Vanina Paoli-Gagin a soulevé la question des frais imposés sur les comptes des défunts ; je partage la philosophie de sa proposition, mais il faudra retravailler l'amendement, pour la séance publique.
Monsieur Savoldelli, j'ai répondu sur l'épargne ciblée. Je ne sais pas ce qu'est l'investissement durable, mais je sais en revanche que les fonds américains sont très intéressés par l'épargne française, qui est abondante. Il faudra donc que nos acteurs nationaux et européens se réveillent, sinon ils seront dépassés par les acteurs américains et les fintechs. Ils doivent offrir un panel plus large de produits et autoriser la transférabilité. Sans cela, les acteurs américains prendront le marché français. Dans cette perspective, nous proposons d'encadrer les frais de transfert et d'imposer un délai effectif de deux mois pour la transférabilité interne de l'assurance vie.

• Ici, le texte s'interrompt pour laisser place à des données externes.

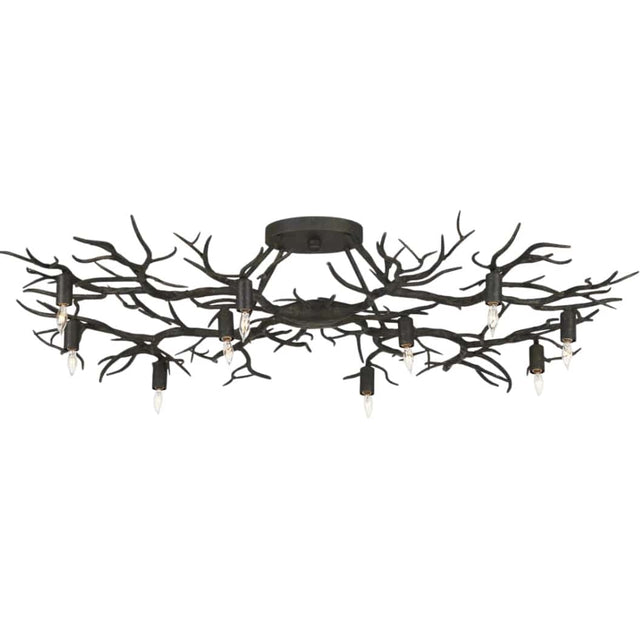 Rainforest Bronze Semi-Flush Mount Flush Mounts 9000-0981 00633306048669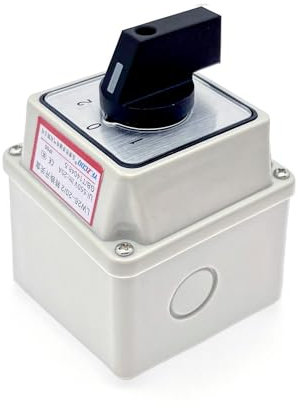 JZK Commutatore universale a camme, interruttore girevole a 3 posizioni, 8 morsetti a vite, Ui, 550 V, 20 A, ON/OFF, 2 fasi, con scatola di commutazione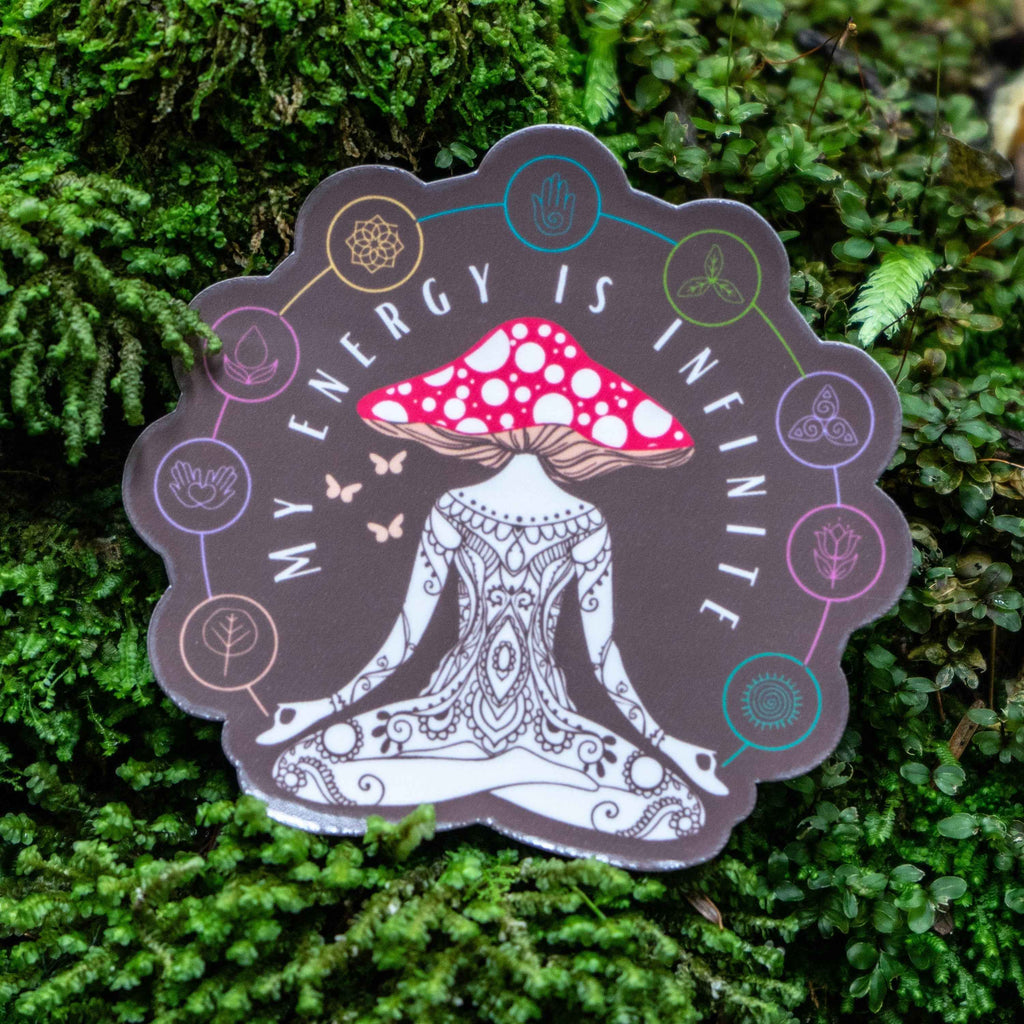 infinite energy meditation sticker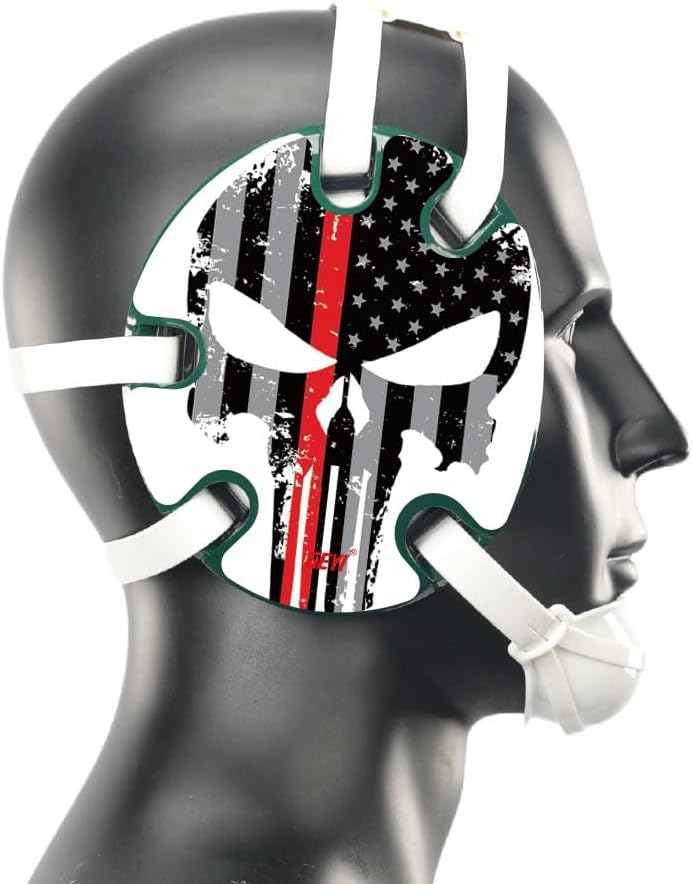 Wrestling Headgear US Flag Thin Red Line Wraps(Adult)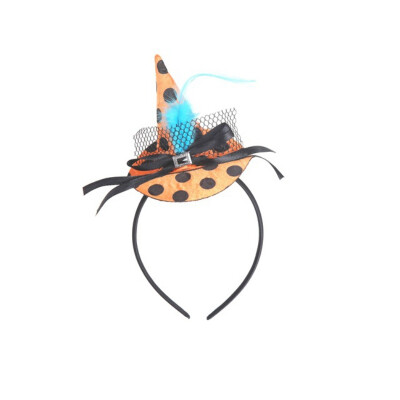 

Feather Mini Pointy Witch Hat Hairband Headpiece Children Halloween Party Costume Accessories Cosplay Headwear Accessories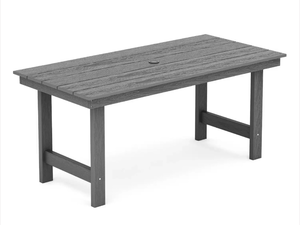 GRANGE HDPE Outdoor 32â³ x 67â³ Dining Table - Retail: $549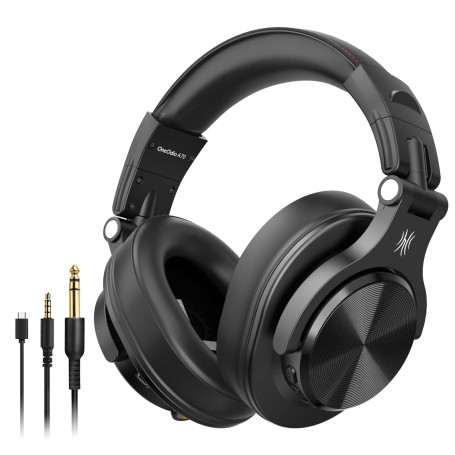 OneOdio Casque Bluetooth sans Fil BT5.2 avec 72 Heures A70, Réduction de Bruit CVC 8.0, 3 Câbles, Léger Confortable, Pliable, Pa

Christian Bilhac a souligné l'importance de l'information ; notre philosophie est en effet de rendre celle-ci lisible. On souhaite connaître non sa plus-value potentielle et le détail des frais, mais le montant total de ces derniers et la performance nette. En revanche, madame Vermeillet, le contenu des documents à fournir est d'ordre réglementaire, on ne peut pas aller jusqu'à déterminer le contenu des documents ; cela figurera dans un arrêté.
C'est vrai, monsieur Féraud, notre proposition de loi fait suite à des travaux sénatoriaux portant sur les frais bancaires, les contrats d'assurance vie, les contrats bancaires en déshérence, les questionnaires de santé pour les assurances emprunteur, l'interdiction des publicités pour des placements exotiques, etc. Bref, notre commission est très soucieuse de protéger l'épargnant et ce texte y participe.
Par ailleurs, je ne tiens pas forcément à insérer des dispositions fiscales dans cette proposition de loi. Il serait en effet prématuré de rehausser le dispositif Madelin alors que nous attendons une évaluation pour le mois de septembre 2023.
Je le reconnais, l'article 8 n'est pas nécessairement au coeur du sujet, je ne fais pas de lien entre cette proposition de loi et les retraites, nous verrons avec mon co-rapporteur, le sujet pourrait aussi être traité en loi de finances. Je suis pour ma part ouvert sur cette question, d'autant que l'enjeu est minime, il s'élève à 13 millions d'euros.
Madame Vermeillet, nous voulons un comparateur aussi transparent que possible et diffusé sur internet, avec l'ensemble des frais.
Vincent Segouin a évoqué le risque systémique de la transférabilité ; on nous avait dit aussi que la transférabilité de l'assurance emprunteur entraînerait l'effondrement du marché. Cela ne s'est pas produit. Là encore, les acteurs s'adapteront ; d'ailleurs, ils récupéreront aussi des contrats entrants ! Le risque n'a en tout cas pas été chiffré. Du reste, c'est vrai, la transférabilité existe effectivement sur le PER.
Monsieur Bazin, nos chiffres sont fondés sur des simulations s'appuyant sur les données de l'Autorité européenne des marchés financiers. Par ailleurs, vous avez raison, on nous oppose le code de déontologie, mais l'appât du gain existe aussi. Ce n'est pas forcément dans l'intérêt des épargnants de renouveler leur portefeuille mais cela peut être dans l'intérêt des gestionnaires, en raison des commissions de mouvement qui s'appliquent. Ces commissions sont d'ailleurs une exception française que les acteurs eux-mêmes ont eu du mal à défendre. Leur interdiction pure et simple s'impose donc.
Monsieur Breuiller, sur le financement participatif, nos dispositions sont la transposition de ce que l'ACPR demande déjà aux acteurs du financement participatif couverts par des obligations déclaratives au titre de la lutte contre le blanchiment des capitaux et le financement du terrorisme. Nous ne voulons nullement alourdir le processus. Simplement, nous voulons une harmonisation et éviter les « trous dans la raquette ».